Althusser belirtilen çalışmasında ideolojiyi “maddi ve sınıfsal nitelikte, toplumsal ve siyasal roller üstlenmiş zihinsel bir tasarımdır” diye tanımlamakta ve ideolojinin temel işlevini de “mevcut toplumsal durumu sürdürmektir” diye açıklamaktadır (aktaran Keskin, 2015: 8).
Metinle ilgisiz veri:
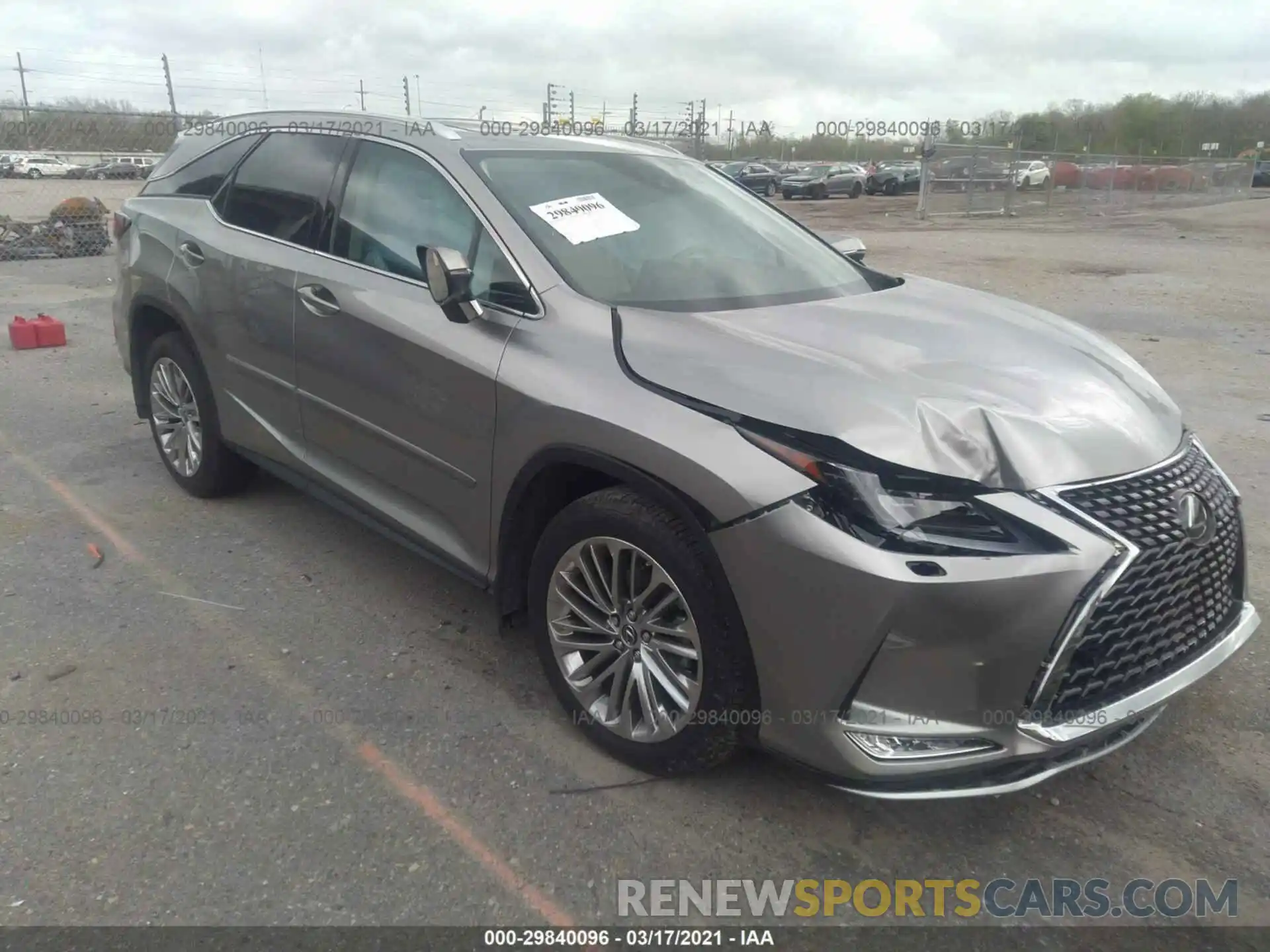 1 Photograph of a damaged car JTJJZKFA3M2029649 LEXUS RX 2021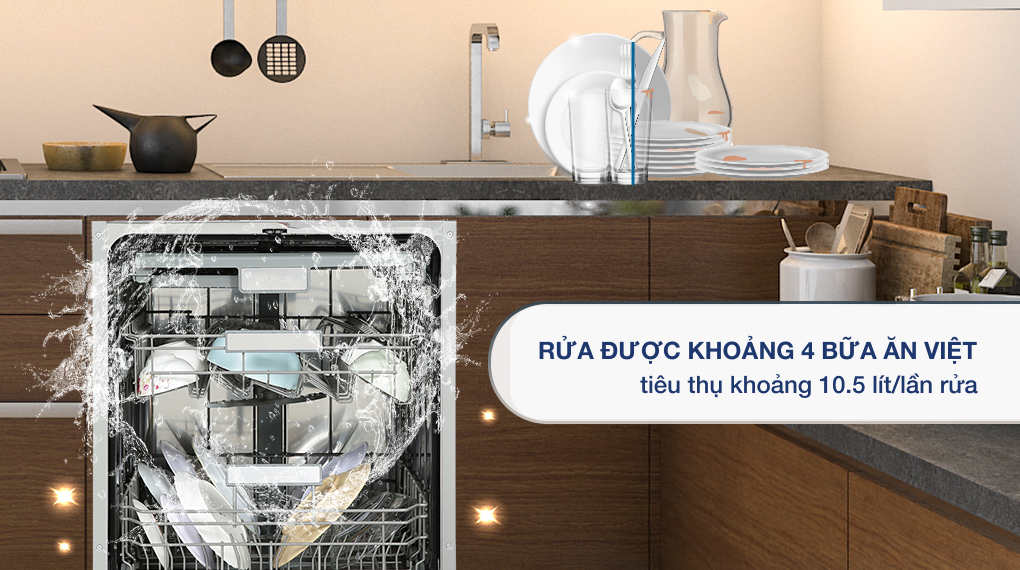 Máy rửa chén âm tủ Hafele HDW-FI60AB (538.21.330)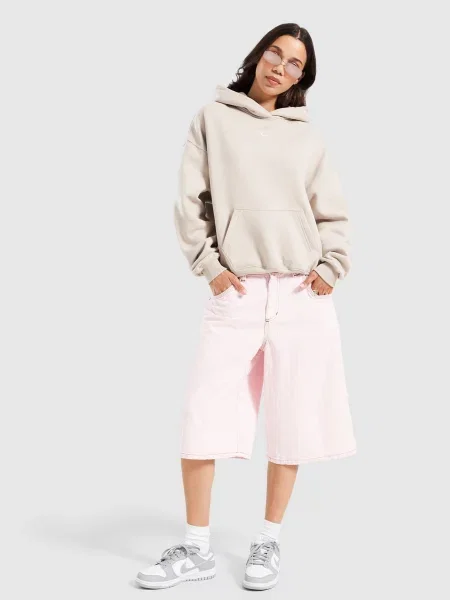 Nike Bluza Z Kapturem Studio Flc Mw Os beżowa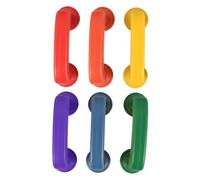 minkissy 6pcs Plastic Reading Phones for Adults Bright Colors Phones with Whispering Feedback for Speech Therapy Classroom Pronunciation Auditory Comprehension Lightweight and Washable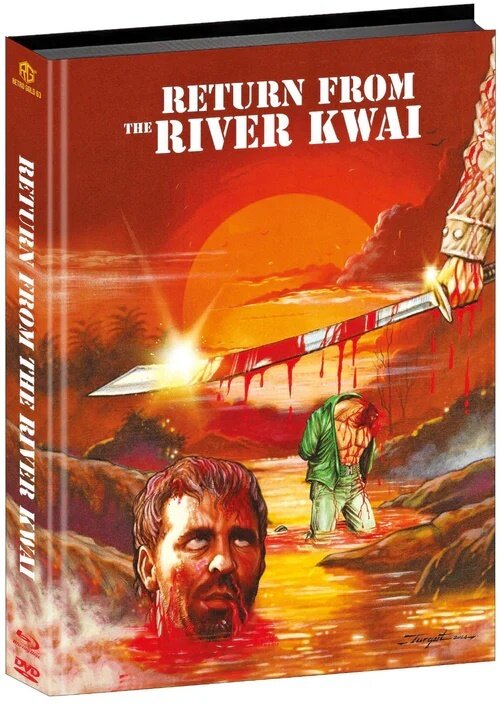 Return from the River Kwai (1989) Cover A, Wattiert, Limited Edition, Mediabook, Blu-ray + DVD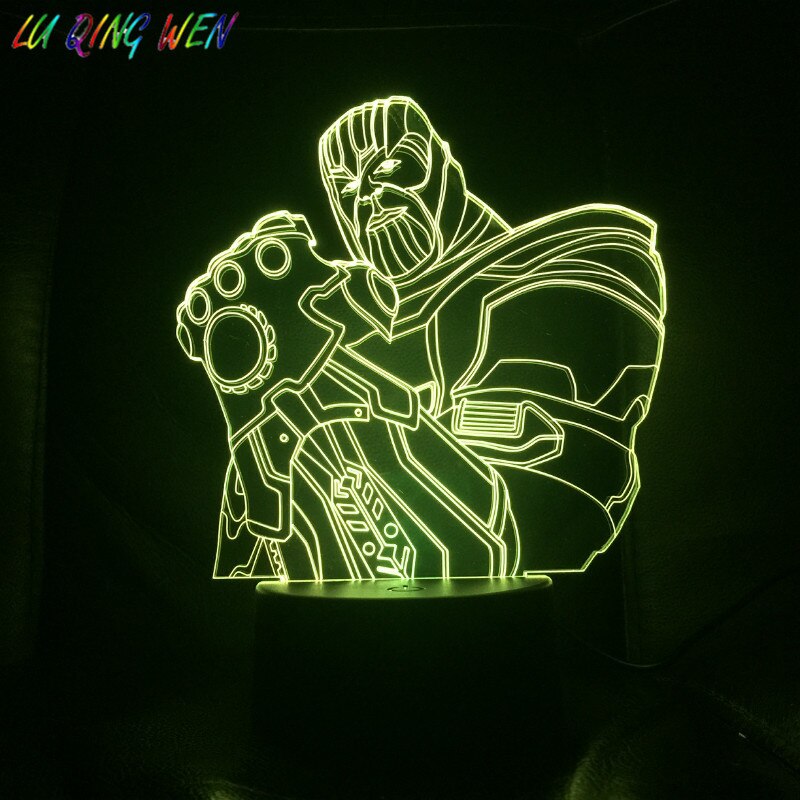 Marvel Supervillain Thanos 3d Night Lamp Bedroom Decorative Light Present Boy Baby Sleeping Led Night Light Desk Lamp Bedside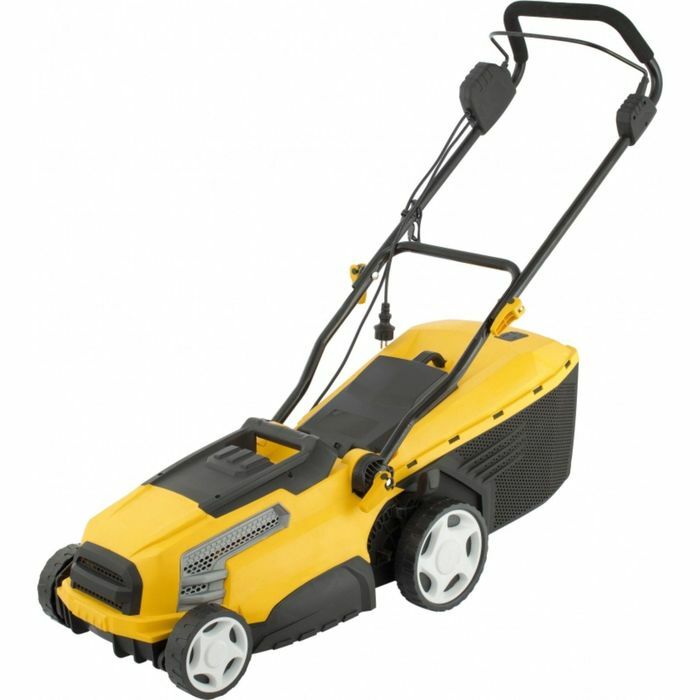 Electric lawn mower DENZEL GC-1500, 1500 W, width / height 36 cm / 20-70 mm, 40 l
Yine Althusser ‘e göre “ideoloji maddi etkilere sahiptir, söylem ise toplumsal dünyayı dolduran ilişkilerin, özne ve nesnelerin yaratılmasına ve sürekli yeniden yaratılmasına katkıda bulunur” (aktaran Fairclough, 2003: 155).

Althusser’in devletin ideolojik ve baskı aygıtlarıyla kurduğu ideoloji ve söylemsel ilişki yaklaşımlarından etkilenmiş olsa da Foucault, geleneksel Marksizm ve Althusser’den farklı olarak devlet, ideoloji, iktidar ve söylem ilişkisinin basit bir alt yapı üst yapı ilişkisinden daha fazla ve karmaşık bir süreç olduğunu ve ideoloji ve söylemin baskı ve güç ilişkisinden daha fazla birer yapı olduğunu düşünür.

“Foucault’nun iktidar kavramsallaştırımı bizi bir ilişkiler hiyerarşisi içindeki öznelerin oluşum sürecindeki dilin/söylemin rolünü yeniden değerlendirmeye zorlar. Bazı Marksist kuramcılar dili basit bir şekilde insanları gerçek/doğru olmayan veya çıkarlarına olmayan düşüncelere inanmaya zorlayan bir araç olarak değerlendirme eğilimi içerisindeydi fakat söylem kuramı içinde dil bu mücadelelerin anlatıldığı yerdir; Foucault’nun belirttiği gibi tarihin bize sürekli öğrettiği gibi söylem basit bir şekilde hükmetme sistemlerini veya mücadelelerini tercüme eden bir şey değildir fakat onun için veya onun aracılığı ile mücadelenin olduğu şeydir” (aktaran Mills, 2003: 126).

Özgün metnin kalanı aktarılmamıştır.